Photo: Jacques Grison

Freshta Akbari, performing as Antigone, moves across a surface that is profoundly unstable. Every step requires a tense body to maintain balance on the liquid floor. Overhead, a prop moon hangs in the darkness—a silent, artificial witness. To the audience, it is a high-concept theatre; to Akbari, it is a bridge.

“The moon and the water have no fixed definition; everyone has their own,” she reflects. “But for me, even though this moon isn’t real, it feels like a presence. It is the same moon I saw for years in my homeland. It doesn’t judge, it doesn’t decree. It just is.”

This sense of being watched by a silent history follows the ensemble of women from Afghanistan as they breathe new life into the ancient Greek tragedy. Nearly five years after the fall of Kabul, these women are finding that while their geography has shifted, the core of their struggle remains remarkably static. For Freshta, the water is a manifestation of the precariousness of exile. “When I walk on it, balance is not guaranteed,” she explains. “This is Antigone’s reality. She stands where everything could collapse. For me, water is both that instability and the shajaa’at—the courage—to keep standing.”

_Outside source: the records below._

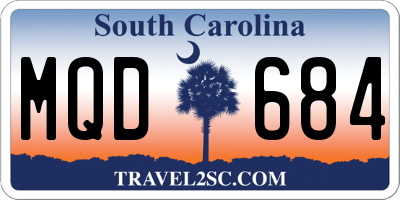 SC license plate MQD684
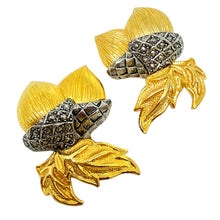 Load image into Gallery viewer, AVON signed gold silver tone marcasite acorn designer clip on earrings
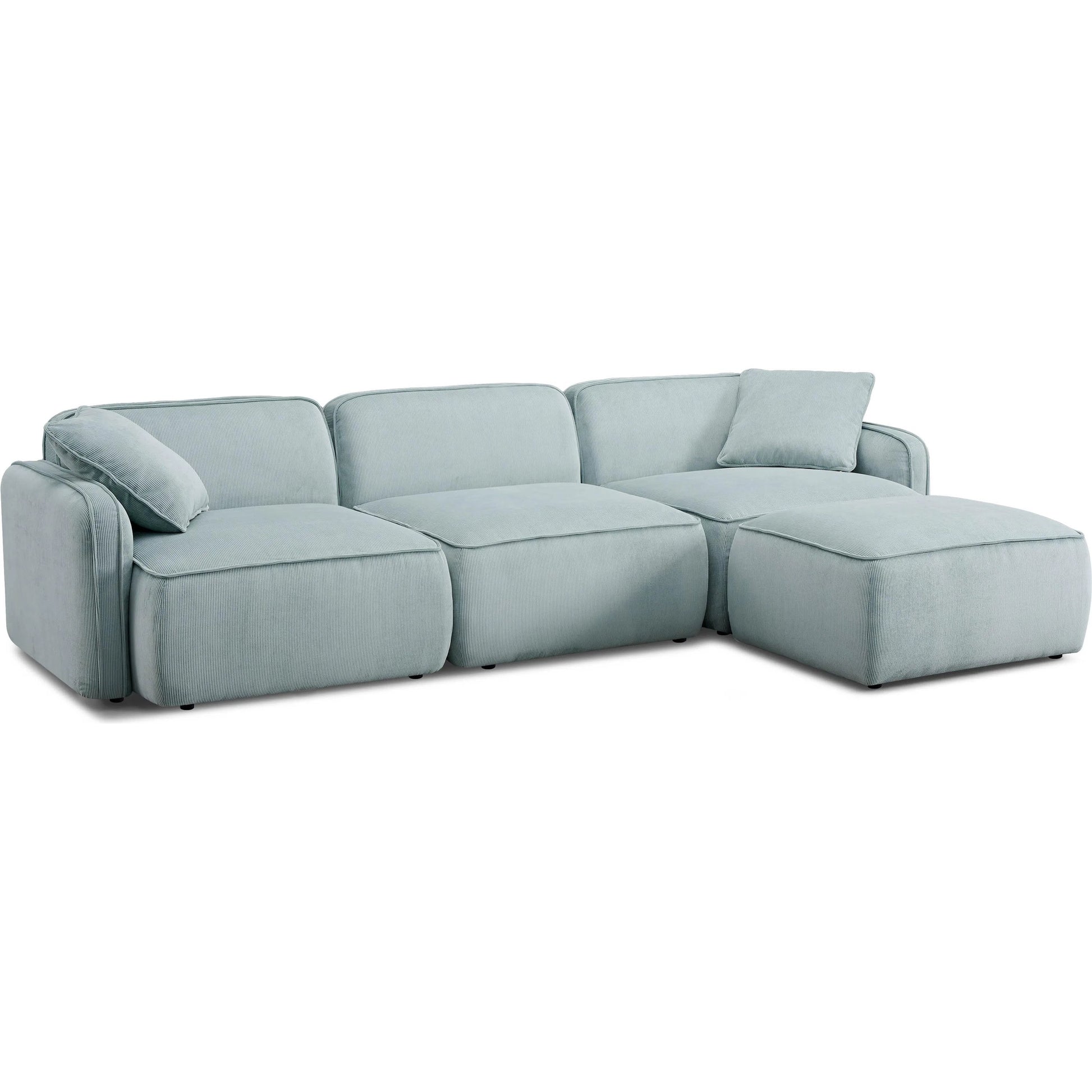 Travie Performance Corduroy Velvet 4-Piece Modular Sectional by TOV Furniture. Made from corduroy, plywood, wood in a transitional style.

The production was born from a place of radical hope. Rehearsals began a year after their harrowing evacuation to France, serving as a vital sanctuary. The performers spent hours with their director, building a family forged into the fire of shared trauma. In this new environment, the focus on professional artistry is a stark contrast to the conditions they fled. Hasnia Ahmadi, a member of the ensemble, notes that this rigorous process allowed her to master the “art of being on stage,” a source of empowerment in a life otherwise defined by the chaos of migration. For Ahmadi, the final performance is more than a play: “It is the story of our own lives.”

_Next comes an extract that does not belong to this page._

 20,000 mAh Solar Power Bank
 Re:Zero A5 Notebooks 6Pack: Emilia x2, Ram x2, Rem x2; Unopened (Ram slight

The choice of Antigone is a deliberate, political strike against silence. In a striking subversion of traditional roles, Sakhizada portrays the tyrant king, Creon. Delivering his decrees with a practiced, chilling power, she admits the role creates a painful internal duality. “I try to speak with strength, but inside, I am being destroyed,” she says. “Why should women be underestimated? By playing the king, I feel there is no difference between man and woman.” On stage, Sakhizada finds freedom that transcends borders: “I don’t feel like I’m acting; I feel like I’m living.”

Photo: Jacques Grison

Despite the play being performed in Dari, the linguistic barrier has not hindered the connection with French audiences. Viewers have described the language as “poetry,” a dream-like atmosphere where subtitles are almost secondary to the emotional frequency. Sakhizada believes this proves that the “language of the body” requires no translation. “Love doesn’t need a language,” she says, observing that the sorrow in a person’s eyes is understood instinctively across any border.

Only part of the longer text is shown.